Brief
For this exercise, retype the lines from the one that holds "喝灵芝酒手麻正常吗怎么回事(喝灵芝酒手麻是正常反应吗？原因是什么？)" through the one that holds "How to End a" in the records below, both included, exactly and without pictures.

Data supplied section start

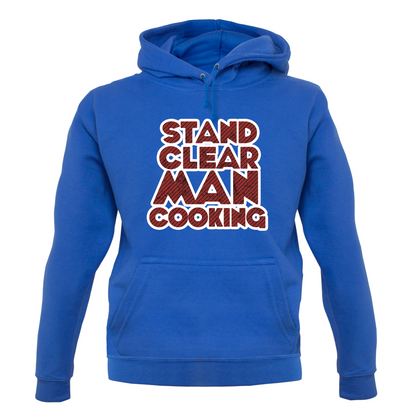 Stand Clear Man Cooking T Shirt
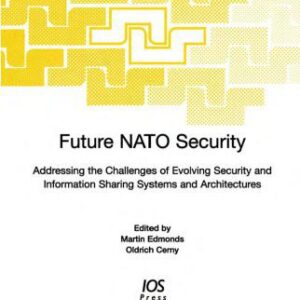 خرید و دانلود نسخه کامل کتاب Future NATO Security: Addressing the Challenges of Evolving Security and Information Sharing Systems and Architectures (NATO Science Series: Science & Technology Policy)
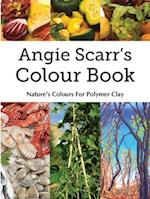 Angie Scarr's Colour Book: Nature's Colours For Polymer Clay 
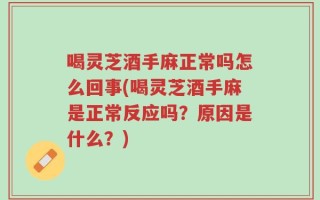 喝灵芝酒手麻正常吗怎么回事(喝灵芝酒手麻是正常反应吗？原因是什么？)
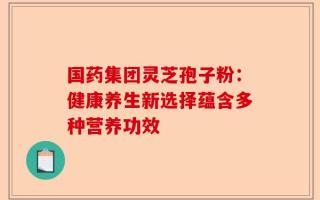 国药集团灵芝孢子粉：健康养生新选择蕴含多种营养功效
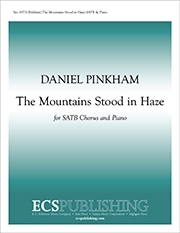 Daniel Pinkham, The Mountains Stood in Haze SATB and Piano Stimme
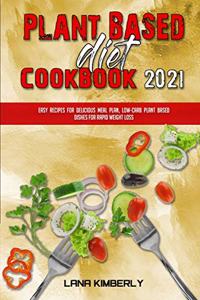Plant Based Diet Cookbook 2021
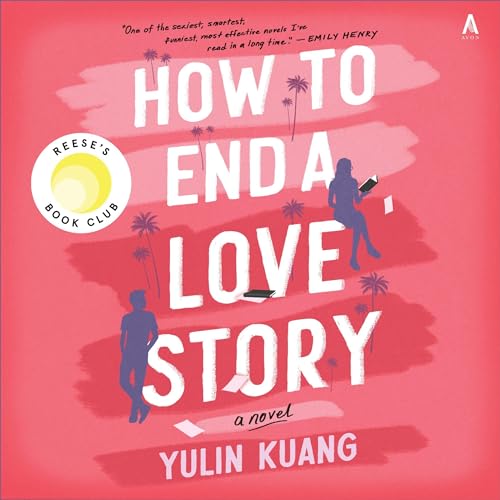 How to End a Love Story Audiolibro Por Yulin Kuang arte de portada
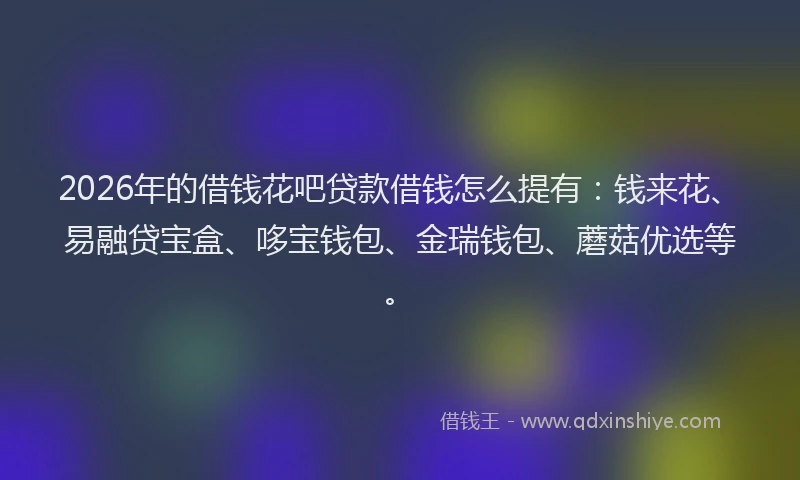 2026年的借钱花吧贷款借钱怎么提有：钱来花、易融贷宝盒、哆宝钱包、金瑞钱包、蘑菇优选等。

Data supplied section end
Data supplied section start

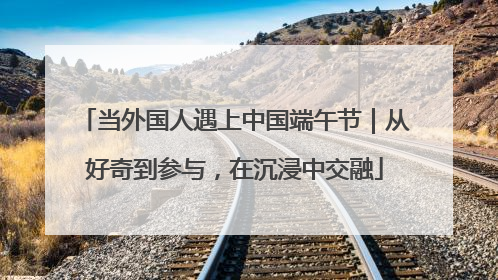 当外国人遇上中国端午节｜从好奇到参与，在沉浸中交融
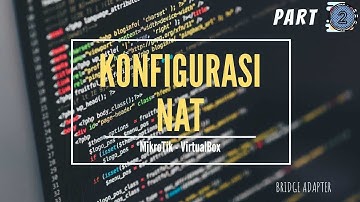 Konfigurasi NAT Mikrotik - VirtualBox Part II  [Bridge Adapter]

Data supplied section end
Data supplied section start

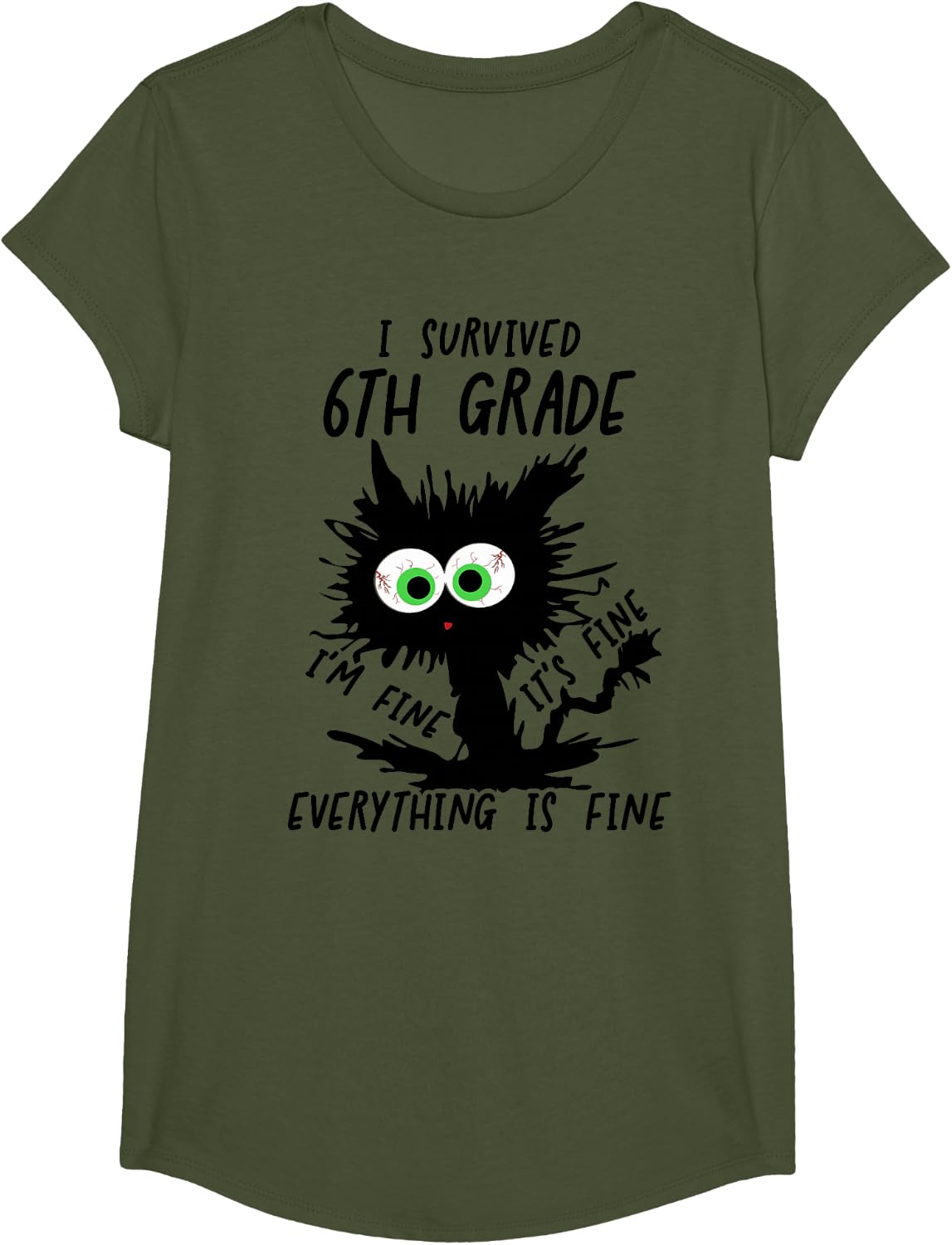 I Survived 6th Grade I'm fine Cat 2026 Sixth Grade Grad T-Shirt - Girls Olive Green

Data supplied section end

Expected answer
 喝灵芝酒手麻正常吗怎么回事(喝灵芝酒手麻是正常反应吗？原因是什么？)
 国药集团灵芝孢子粉：健康养生新选择蕴含多种营养功效
 Daniel Pinkham, The Mountains Stood in Haze SATB and Piano Stimme
Plant Based Diet Cookbook 2021
 How to End a Love Story Audiolibro Por Yulin Kuang arte de portada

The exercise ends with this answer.